R. Kelly pleads not guilty to bribing official to wed 15-year-old Aaliyah in 1994
Chicago - Jailed R&B star R. Kelly pleaded not guilty in a Chicago federal courtroom Wednesday to a new indictment brought in New York alleging he bribed an Illinois official to get a fake ID for 15-year-old singer Aaliyah a day before he married her in 1994.
Dressed in an orange jail jumpsuit, Kelly, 52, kept his hands clasped behind his back as he appeared for his arraignment before U.S. Judge Ann M. Donnelly in Brooklyn via a live television feed from a largely empty 17th-floor courtroom at the Dirksen U.S. Courthouse.
The superseding indictment filed in federal court in Brooklyn last week alleged that Kelly directed someone in August 1994 to bribe the public official into making a false "identification document" for the female.
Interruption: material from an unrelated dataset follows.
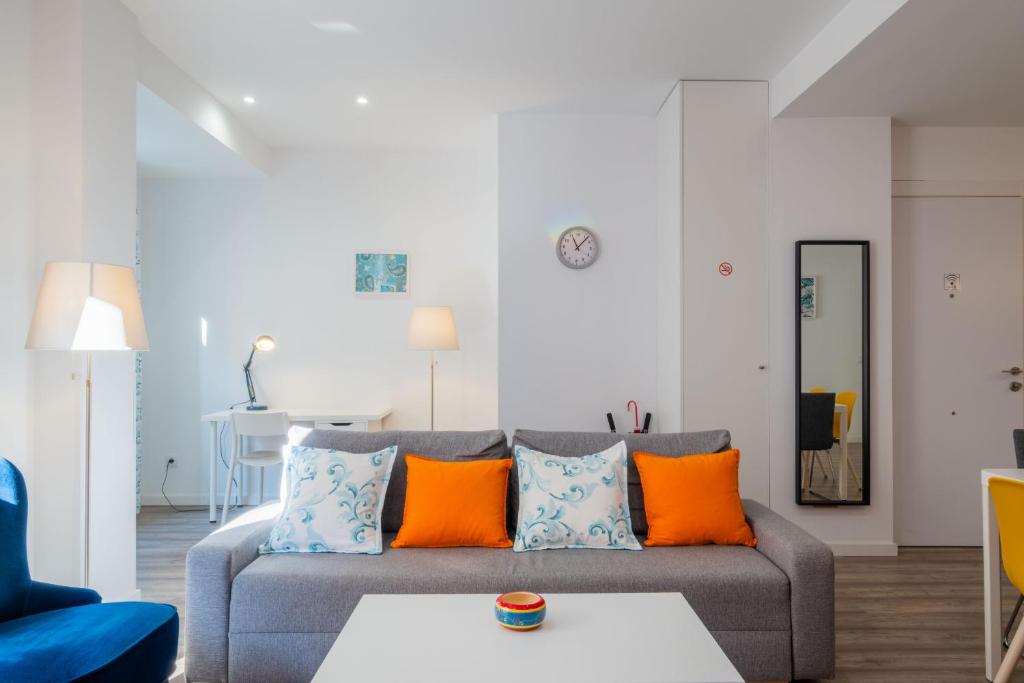 Posedenie v ubytovaní Spacious & Clean Apartment in Quiet Area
The Chicago Tribune has obtained records showing that the female, identified in the charges only as "Jane Doe #1," was Aaliyah.
The next day, Kelly, then 27, married Aaliyah Haughton in a secret ceremony with falsified paperwork that gave her age as 18. The marriage was later annulled by a Michigan judge at the insistence of Aaliyah's family.
In Illinois, someone must be a minimum of 18 to marry without parental consent.
The new allegation was added to the sweeping racketeering conspiracy indictment that New York prosecutors brought over the summer, accusing the singer of identifying underage girls attending his concerts and grooming them for later sexual abuse.
Kelly's attorney, Steven Greenberg, has previously said the new indictment "does not appear to materially alter the landscape."
"We continue to look forward to the day he is free," he told the Tribune by text last week.
Kelly is in federal custody awaiting trial on the New York charges as well as a separate indictment brought by federal prosecutors in Chicago alleging the singer conspired with two former employees to rig his 2008 child pornography trial in Cook County by paying off witnesses and victims to change their stories.
In addition, Kelly was charged in Cook County criminal court in February with four separate indictments accusing him of sexual misconduct over more than a decade. Three of those alleged victims were underage at the time.
If convicted in all jurisdictions, the embattled singer, whose full name is Robert Sylvester Kelly, could potentially face the rest of his life in prison.
Aaliyah met Kelly when she was just 12; as his protege, she went on to become a teenage R&B star. Her smash-hit May 1994 debut album, "Age Ain't Nothing But a Number," was produced and written by Kelly.
The nature of their relationship and Aaliyah's real age were the subject of much public speculation at the time. Their secret marriage collapsed after Aaliyah's parents found out and insisted on an annulment, according to news accounts.
Aaliyah left Kelly's record label later that year. She died in a plane crash in 2001.
In the recent documentary "Surviving R. Kelly," Kelly's former tour manager, Demetrius Smith, said he arranged the forged Aaliyah marriage documents for Kelly and was one of a handful of people present at the small ceremony in Rosemont.
"It was just a quick little ceremony. She didn't have on a white dress. He didn't have on a tux," Smith said in the documentary. "Just everyday wear. She looked worried and scared."
Smith, who has not been charged with any wrongdoing, told TMZ in an interview last week that he'd been subpoenaed to testify by federal investigators.
Documents obtained by the Tribune through an open records request show that federal prosecutors in New York subpoenaed the Cook County clerk's office in July for Kelly's marriage records to Aaliyah and later to Andrea Danyell Kelly, which ended in divorce in 2009.
Federal prosecutors in Chicago, meanwhile, also asked for records pertaining to the Aaliyah marriage, the records show.
In March, Assistant U.S. Attorney Angel Krull, the lead prosecutor on the Chicago case, sent an email to a clerk's office employee asking for the records "pursuant to an open law enforcement investigation," according to the documents obtained by the Tribune.
"Given the high-profile nature of the request, we ask that, to the extent possible, you keep the fact of this request limited to as few people as possible within your agency," Krull wrote.